FlashAttention-2: Faster Attention with Better Parallelism and Work Partitioning
FlashAttention-2: Faster Attention with Better Parallelism and Work Partitioning
Published:
GPU Execution Flow
We start by looking at the GPU execution flow. The GPU is made up of:
- SMs (Streaming Multiprocessors)
- HBM (High Bandwidth Memory) - Large (40-80 GB) but low memory bandwidth (1.5-2 TB/s)
- On-chip SRAM (Shared Memory) - Small (192KB) but high memory bandwidth (19-20 TB/s)
GPU Thread Architecture
What are threads (aka kernels)? Threads or kernels are organized into thread blocks and are scheduled to run on SMs. Within each thread block, threads are organized into warps. Warps are made for executing the same set of operations on different data pieces.
CPU vs GPU
If we look at what is the difference between a CPU and a GPU, we realize that CPUs work on sequential tasks, and create the illusion of parallel operation. If we talk about how GPUs and CPUs collaborate to render scenes in a video game: The CPU provides game logic and points to the GPU, then by a process called rasterization and several other real-like image optimizations for each pixel, the GPU produces realistic graphics. This emphasized that GPUs are optimized for running scenes where the same set of operations are to be performed on different data points (e.g. pixels).

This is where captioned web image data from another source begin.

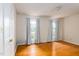 Bedroom with hardwood floors, two windows and light gray curtains at 2021 Sunnybrook Dr, Burlington, NC 27215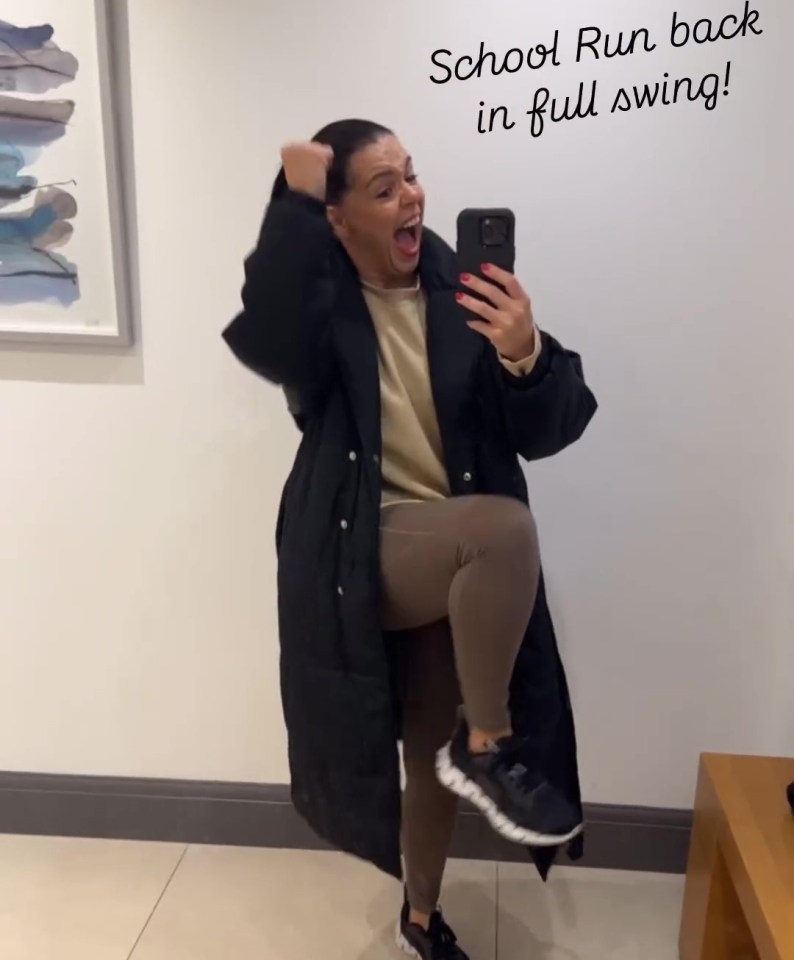 a woman taking a selfie in front of a wall that says school run back in full swing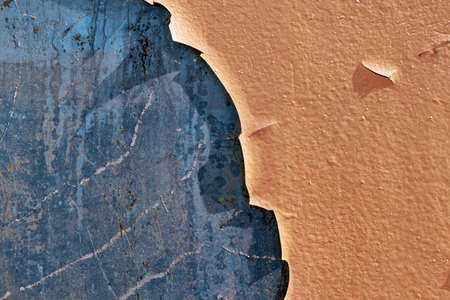 The surface of the metal wall with exfoliated old paint. Paint orange swollen and opal from weather and time. The painted surface cracked, split and crumbled. Texture, backdrop.の写真素材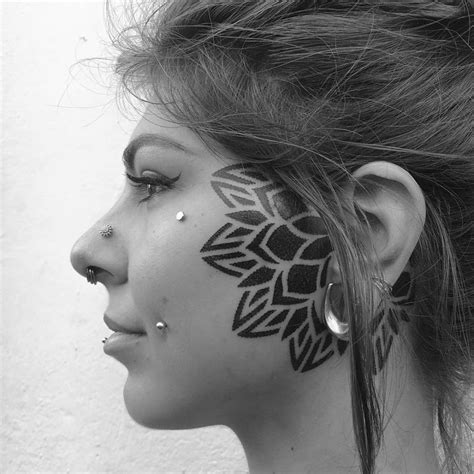 Half mandala tattoo on the face.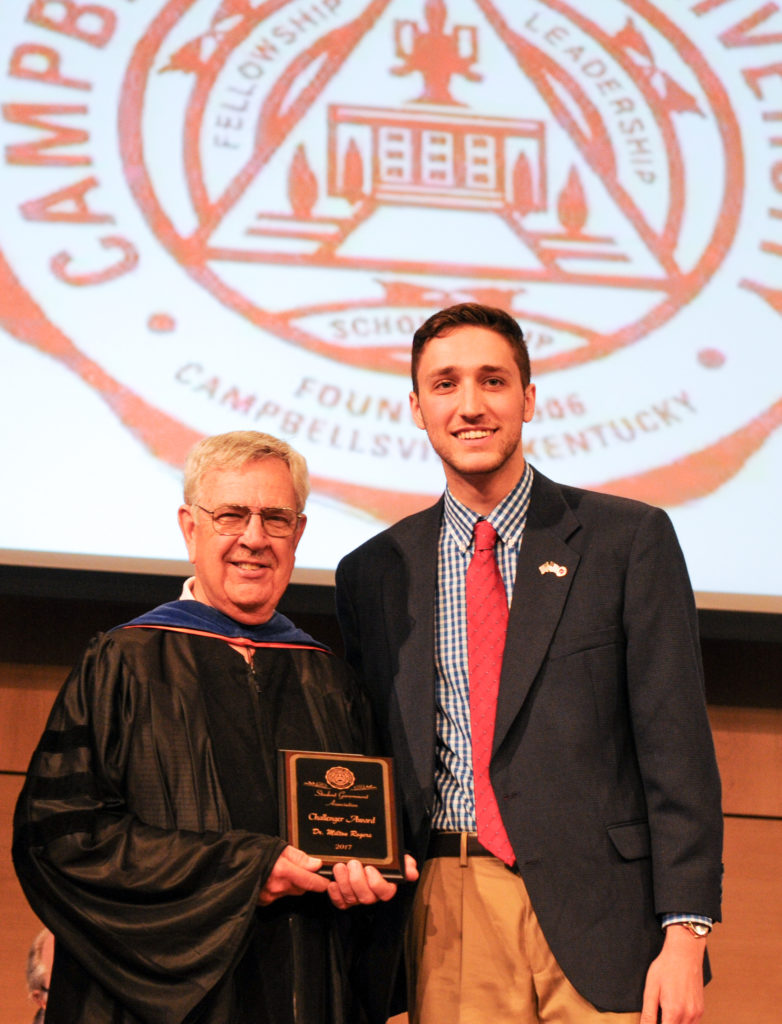 Dr. Milton Rogers, left, professor of biology at Campbellsville University, receives the Challenger Award from Aaron Nosich, president of the Student Government Association at Campbellsville University. (Campbellsville University Photo by Joshua Williams)
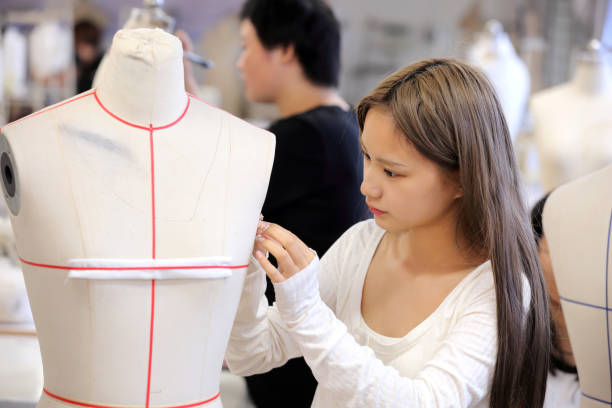 istock Young fashion designers are making patterns 1810438173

Now, throughout this endeavor different components of the GPU interact with each other (which is called the memory bandwidth). However, for communication between two warps a shared underlying memory space is used and hence this communication is not expensive. Similarly, different threads can also easily communicate with each other.
FlashAttention (Original)
Now, coming to the FlashAttention paper (not the FlashAttention 2 paper), there are 2 major optimizations that are made:
1. Tiling
Here a block of memory is read from the HBM and then operations are performed on it.
2. Reducing HBM Reads/Writes
Reducing the number of reads and writes from and to HBM. To execute this for attention, a key or a query matrix is divided into several parts (say 2). This has several advantages:
- Optimized memory bandwidth: We can transfer smaller blocks and hence a single large block does not waste the GPU’s power of parallel processing
- Reduced communication: Since there are a smaller number of blocks each can be worked upon individually, reducing the communication between different thread blocks
- Reduced I/O: Operations of writing to and from the HBM can be reduced as intermediate steps can be stored in SRAM
FlashAttention-2 Optimizations
Moving from FlashAttention to FlashAttention-2, there are several major optimizations:
1. Optimizing Non-Matmul Operations
This is primarily referring to softmax operations.
2. Causal Masking
For any row number greater than the column number we do not need to calculate attention in decoder-based architectures. The FlashAttention-2 paper makes use of this optimization.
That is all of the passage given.